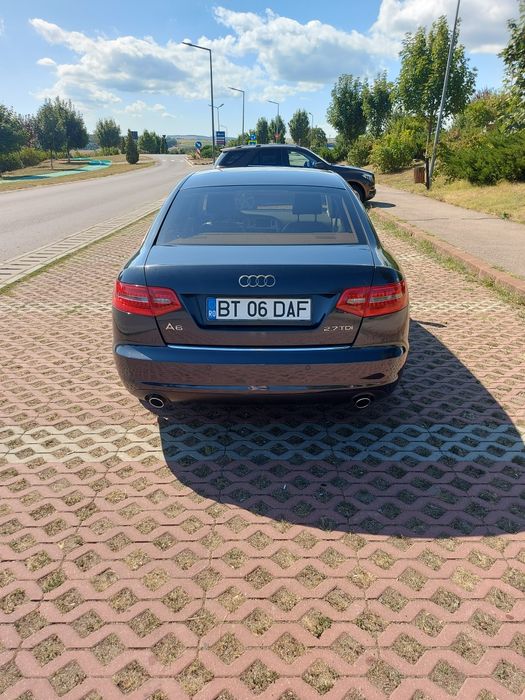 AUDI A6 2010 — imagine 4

☆ ☆ ☆ ☆ ☆

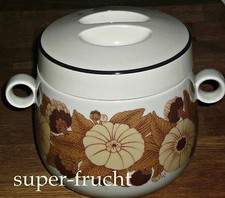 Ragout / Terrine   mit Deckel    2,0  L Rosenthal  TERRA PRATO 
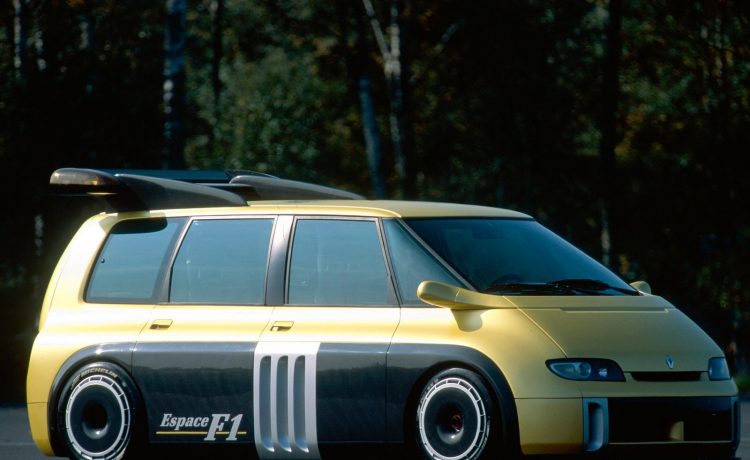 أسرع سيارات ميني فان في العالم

☆ ☆ ☆ ☆ ☆

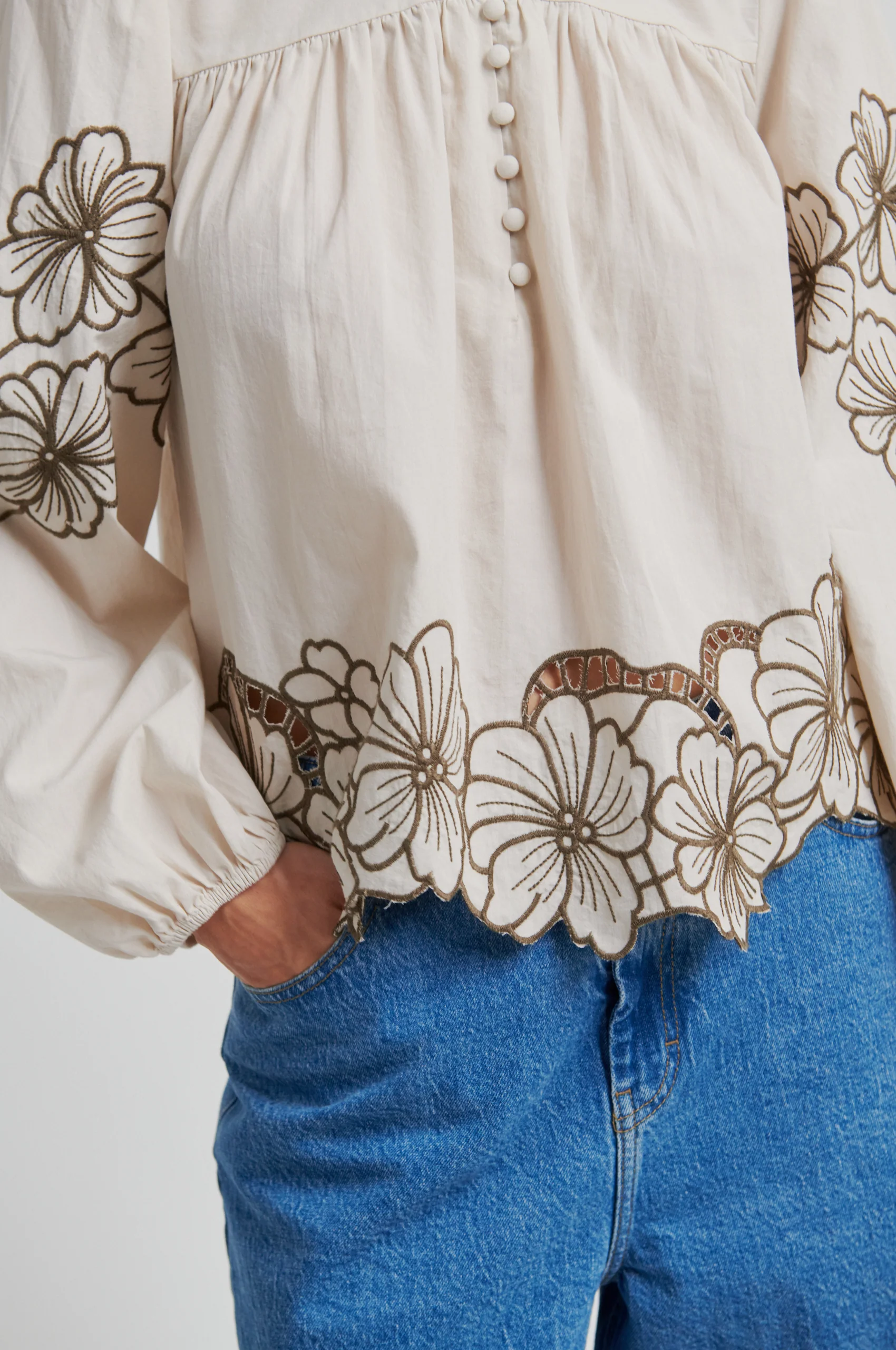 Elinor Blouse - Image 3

☆ ☆ ☆ ☆ ☆

## Exercise description
Above are the records. Copy word for word only their lines from the one holding "Ragout / Terrine" through the one holding "أسرع سيارات ميني فان في العالم", both included, and skip the images.

## Answer
 Ragout / Terrine   mit Deckel    2,0  L Rosenthal  TERRA PRATO 
 أسرع سيارات ميني فان في العالم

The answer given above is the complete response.